Authored by escha on Oct 4 2015, 10:20 PM.

Details

Summary

isa<IntrinsicInst> actually performed a string comparison on the function name instead of just checking that the ID wasn't not_intrinsic, which was ~50 cycles per invocation instead of ~10. This should vastly reduce the number of wasteful string comparisons in intrinsic-heavy code. Furthermore, match() was *already doing this*; we actually had two different sets of behavior going on!

Unfortunately, this change seems to break three tests:

LLVM :: Bitcode/function-local-metadata.3.5.ll
LLVM :: Bitcode/metadata.3.5.ll
LLVM :: Transforms/GlobalOpt/metadata.ll

All of which use intrinsics like "llvm.foo" that don't really exist. Does anyone know what's up with this? Are the tests just bogus?

Diff Detail

Repository
rL LLVM

Event Timeline

escha updated this revision to Diff 36477.Oct 4 2015, 10:20 PM
escha retitled this revision from to RFC: faster isa<IntrinsicInst> (bugged tests?).
escha updated this object.
escha added reviewers: chandlerc, resistor.
escha set the repository for this revision to rL LLVM.
escha added a subscriber: llvm-commits.
escha added a comment.Oct 5 2015, 1:16 PM

Unfortunately, it seems like we have a deeper problem here. Some tests seem to rely on the ability to handle unknown intrinsics, but large parts of LLVM assume that not_intrinsic == not an intrinsic, even though sometimes it can mean unknown_intrinsic. There's a ton of inconsistencies here, and it doesn't seem easy to fix. I tried adding an unknown_intrinsic option, but that just opened an entire other can of worms because lots of code assumed that nonzero intrinsic ID == real, known intrinsic...

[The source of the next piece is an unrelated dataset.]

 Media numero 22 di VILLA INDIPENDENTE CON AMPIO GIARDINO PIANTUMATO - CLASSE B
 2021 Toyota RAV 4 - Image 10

silvas added a subscriber: silvas.Oct 5 2015, 4:57 PM

We should optimize getName().startswith("llvm.") on x86 into loading the address and length of the name, a bounds check, a 4-byte integer comparison, a 1-byte integer comparison, and cmp+jmp for each comparison. Assuming the name is in cache (which is probably not the case?) and the branch prediction is good (which it probably is?), that is < 10 cycles on a modern x86. Even on ARM where we can't use unaligned loads, it should still be pretty darn fast.

What is actually taking ~50 cycles? How did you measure that?

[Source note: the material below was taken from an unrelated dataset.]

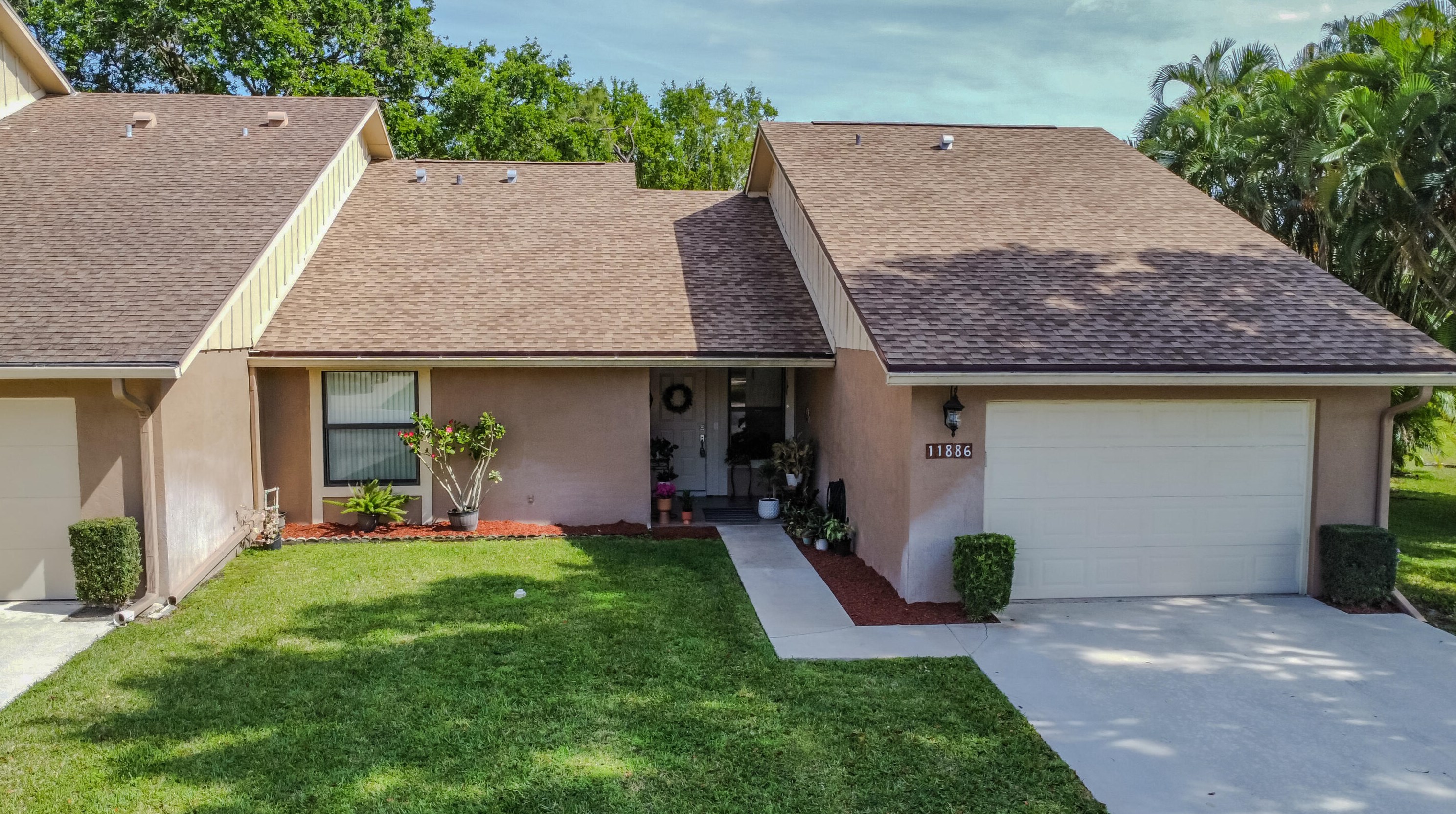 11886 Donlin Dr, West Palm Beach, FL 33414-6251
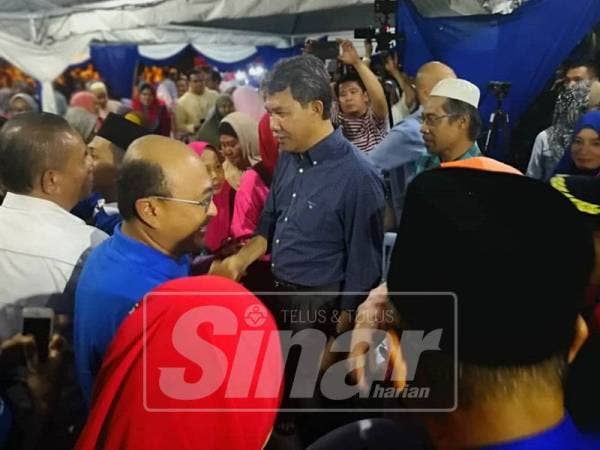 Mohamad beramah mesra dengan orang ramai yang hadir pada majlis Ramah Mesra Bersama Tok Mat di Kampung Sendayan, malam ini.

(I'm not defending using a string comparison vs. not; just wondering why a comparison against a "short, constant string" is ending up so slow)

escha added a comment.Oct 5 2015, 5:06 PM

I stuck an rdtsc timer around code that traversed the function like this:

if (isa<callinst>(I)) {

START_TIMER;
if (isa<intrinsicinst>(I) and intrinsic ID is assume) {
   do a thing that will never happen
 }
STOP_TIMER;

}

It was ~10 cycles per timer hit when using the ID-based approach, ~50 when using the current approach. The timer already subtracts out the cost of the timer itself and the effects of context switches (approximately).

I don't know why it was so slow, but I still don't think we should be constantly doing string comparisons either way, at least if we can avoid it.

silvas added a comment.Oct 5 2015, 5:33 PM

What is the resulting assembly code?
Also what processor are you measuring on?

I'm a bit wary of doing micro-optimizations like this with nothing but "seems faster on my machine" to go on. We probably want to identify the root cause (if only so that we can look for similar cases in our core classes).

Based on the information you've provided, the only difference on the scale of ~40 cycles that I can think of for this code is that following the pointer inside getName() is typically going to L3 (assuming a modern Intel core). If you simply duplicate the code inside START_TIMER and STOP_TIMER (and make sure the compiler doesn't de-duplicate it; e.g. pull it out into a noinline function), how much does the performance change?

escha added a comment.Oct 5 2015, 5:39 PM

This isn't merely a micro-optimization as I've discovered; it's actually (from some perspective) a bugfix. We use *both methods* of checking whether something is an intrinsic at various points in LLVM, inconsistently; if you believe checking the prefix is the correct method, we should change the places that rely on the ID to use that instead.

escha abandoned this revision.Oct 5 2015, 5:40 PM

Since people don't seem to be particularly interested in fixing broken+inconsistent behavior and believe performing string comparisons is a reasonable and performant way of checking class membership, I'm not going to bother with this.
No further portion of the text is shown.